*** Data for analysis ***

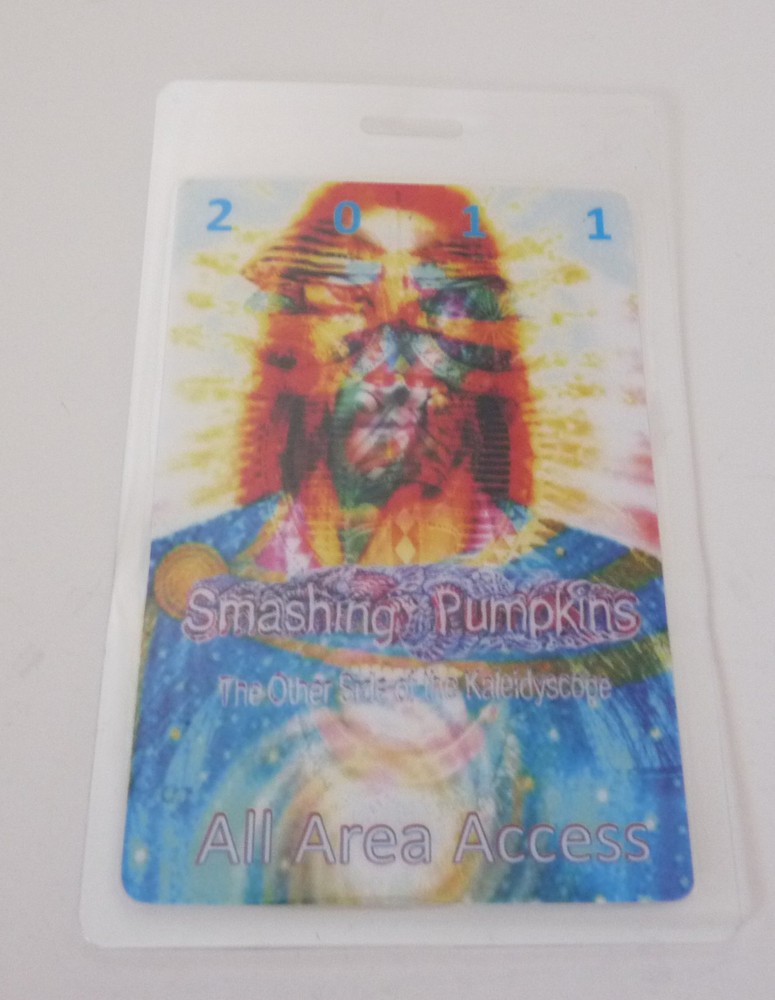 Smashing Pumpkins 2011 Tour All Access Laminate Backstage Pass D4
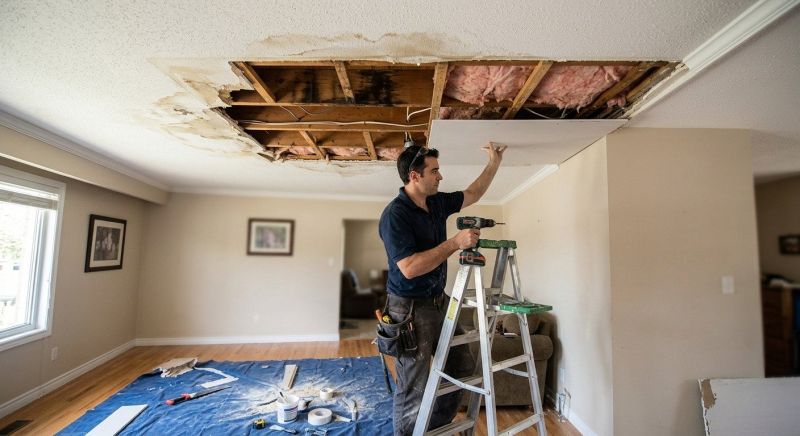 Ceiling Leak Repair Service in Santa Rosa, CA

***
*** Data for analysis ***

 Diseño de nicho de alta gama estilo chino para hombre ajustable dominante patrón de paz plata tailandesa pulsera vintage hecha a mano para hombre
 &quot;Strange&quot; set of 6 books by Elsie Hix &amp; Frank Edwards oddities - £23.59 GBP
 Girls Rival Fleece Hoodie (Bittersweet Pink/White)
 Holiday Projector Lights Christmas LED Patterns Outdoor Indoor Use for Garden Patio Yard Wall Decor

***

▸ Exercise prompt
All pictures are to be skipped. Output, word for word, the lines in the data above starting at the line containing "Smashing Pumpkins 2011" and ending at the line containing "Ceiling Leak Repair".

▸ Solution for this task
 Smashing Pumpkins 2011 Tour All Access Laminate Backstage Pass D4
 Ceiling Leak Repair Service in Santa Rosa, CA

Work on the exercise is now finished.